From his earliest projects at PayPal, where Jha developed AI-powered fraud-detection systems to protect user trust, to his latest work designing conversational agents that flag uncertain answers instead of bluffing when caught in an error, Jha has consistently focused on making AI responsible by design. This human-centered approach, he hopes, will reshape how generative AI (GenAI) earns users' trust in the workplace.
Responsible by Design
As far as Jha is concerned, the toughest barrier to GenAI adoption at the enterprise level is trust, not the capabilities of agentic AI. That means that simply honing the accuracy of the agents' responses isn't, by itself, enough. What's needed is AI design that prioritizes user control.
Recent examples from the industry have demonstrated how AI agents frequently double down rather than admit uncertainty when they make a mistake or experience a hallucination, undermining user trust. The problem lies not only in the fabrication of information but also in the inability to convey uncertainty, which can lead to frustration, misinformation, and reputational damage.
The AI solutions Jha has helped develop don't just aim for accuracy; they communicate about the accuracy of their responses. They flag ambiguity in both the prompts and the answers. In the case of an ambiguous prompt, the agent asks the user to rephrase it. In the case of an answer that may include information that isn't factual, the agent marks the response as unverified.

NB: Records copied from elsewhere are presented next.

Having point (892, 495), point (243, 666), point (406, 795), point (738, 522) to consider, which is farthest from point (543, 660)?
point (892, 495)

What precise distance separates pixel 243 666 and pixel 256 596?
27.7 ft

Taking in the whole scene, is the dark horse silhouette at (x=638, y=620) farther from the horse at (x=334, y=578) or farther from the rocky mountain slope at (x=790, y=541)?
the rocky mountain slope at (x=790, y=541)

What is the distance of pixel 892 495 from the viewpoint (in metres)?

Honest admission, before the user requests it, can build confidence and improve communication between the human client and the AI agent. When developing GenAI pilot deployments for enterprise GenAI solutions, such as the use of a conversational AI in HR or an AskHR AI assistant, this responsibility, by design, not only saves frustration but can also save clients from lawsuits. Fallback logic and uncertainty flagging aren't just technical features; they're deliberate design choices that prioritize empathy for the client over mere efficiency in deploying agentic AI.

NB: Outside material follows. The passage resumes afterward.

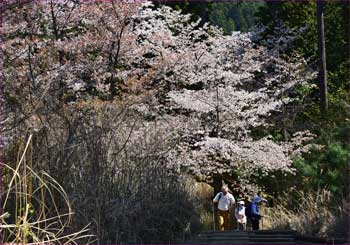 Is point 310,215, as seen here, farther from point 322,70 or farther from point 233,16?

Cultivating AI Fluency and Trust Across Teams
The other thing Jha advocates is establishing AI fluency and trust among stakeholders at the start of an enterprise GenAI implementation. For Jha, stakeholder alignment begins with listening, not building.
"Whether you're pitching a GenAI PoC or negotiating project scope," Jha advises, "remember that stakeholders are people first. Listen more than you speak, ask about their pain points, celebrate small wins with them, and acknowledge their concerns. When clients see you value their perspective, they become collaborators instead of skeptics."
This listening-first approach also enables the design of AI agents tailored to the user, rather than expecting the user to adapt to the AI agent. This is why Jha believes empathy can be a strategic differentiator in a field often defined by abstraction and efficiency metrics.
Pushing Toward the Future
It is a philosophy Jha has been sharing and implementing across many venues. At Silicon Valley Labs in 2024, he presented live demos of AskHR and Researcher Agent, illustrating how conversational AI can handle sensitive HR and knowledge-management queries at scale while maintaining safety protocols. At IBM, he spotted a $79 million billing discrepancy, showing how data pipelines can recover value for clients. And in 2023, he won first place among 160,000 participants from over 60 countries in IBM's Watsonx GenAI Hackathon.
Vaibhav Jha's current focus is agentic root-cause analysis, orchestrating autonomous agents to pinpoint root causes behind complex problems. He strives to bridge the gaps between current AI research and practical enterprise adoption. Whether speaking to thousands or a small group of colleagues, Vaibhav Jha conveys both his excitement for the future possibilities of GenAI and his conviction that GenAI needs to be human-centered by design.